Confieso que la noche de los Oscars me aburre desde hace muchos años. Lejos quedan los tiempos de las porras, de programar el video o quedarte escuchándolos por la radio. Lejos quedan, también, los años en que había visto las películas en liza, y me indignaba porque al pobre Spielberg le daban con el Gandhi en la cara.
Esta mañana me he llevado la alegría de ver que la Academia de los Oscars, con su mecanismo de auto-corrección de injusticias históricas, le ha dado un premio por su carrera a Jerry Lewis, al inimitable jerrylevi de las tardes de nuestra infancia, al que era patoso y nerviosísimo pero siempre demostraba tener buen corazón y, cuando podía, dejaba claro que no era nada de tonto y sí que era capaz de conjugar humor blanquísimo con mucha mala leche.
De sus tiempos con el otro grande que también hemos olvidado, Dean Martin, con quien formó pareja durante la primera parte de su carrera, Jerry gozó en los años cincuenta y, para nosotros, en los sesenta de una aureola de mito. Los hermanos Calatrava, Emilio Aragón, y el propio Jim Carrey beben indisimuladamente de su escuela.
Luego se cayó del pedestal y parece que el pueblo americano (no recuerdo si por mediación de la intelectualidad francesa o como reacción a ésta) le dio la espalda. Jerry se convirtió en el cómico a ocultar, en el pasado a ignorar porque daba vergüenza. Tuvo problemas de sobrepeso e imagino que de sustancias poco recomendables, se le mató un hijo y tuvo la mala suerte de intentar ponerse trascendente en una película que jamás se estrenó y donde interpretaba a un cómico judío condenado por imitar al Führer.
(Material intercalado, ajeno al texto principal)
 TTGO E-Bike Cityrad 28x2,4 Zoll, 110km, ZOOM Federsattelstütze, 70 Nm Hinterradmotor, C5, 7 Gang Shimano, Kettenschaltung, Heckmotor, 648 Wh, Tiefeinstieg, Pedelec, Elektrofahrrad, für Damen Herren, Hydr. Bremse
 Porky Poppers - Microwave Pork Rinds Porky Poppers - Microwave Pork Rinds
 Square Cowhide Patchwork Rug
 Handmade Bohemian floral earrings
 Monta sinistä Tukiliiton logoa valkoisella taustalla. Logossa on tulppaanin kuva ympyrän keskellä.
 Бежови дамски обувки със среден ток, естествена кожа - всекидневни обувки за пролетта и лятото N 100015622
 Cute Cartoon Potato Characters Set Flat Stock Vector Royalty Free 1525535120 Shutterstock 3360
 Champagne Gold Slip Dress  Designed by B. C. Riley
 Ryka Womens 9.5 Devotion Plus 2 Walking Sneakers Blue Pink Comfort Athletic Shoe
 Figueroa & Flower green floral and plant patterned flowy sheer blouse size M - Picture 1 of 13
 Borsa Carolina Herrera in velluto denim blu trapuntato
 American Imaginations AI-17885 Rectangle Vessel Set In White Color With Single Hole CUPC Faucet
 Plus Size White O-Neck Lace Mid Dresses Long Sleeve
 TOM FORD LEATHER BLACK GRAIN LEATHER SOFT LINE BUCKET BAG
Ahora se le hace justicia, no sé si a su carrera, a la excusa de sus labores humanitarias (no es un Oscar sensu estricto) o a nuestros recuerdos, a aquel patoso que en la marina, o en las carreras de caballos, o en los dorms de las quinceañeras, compartía protagonismo y perdía siempre ante aquel otro caradura que cantaba a la altura de su compadre Sinatra y a quien Jerry, en su mejor película (El profesor chiflado) parodiaba tan bien cuando se convertía en el alterego seductor, Buddy Love, de su personaje de siempre.
El niño que yo fui, Jerry, se alegra por el muñeco que ahora tienes.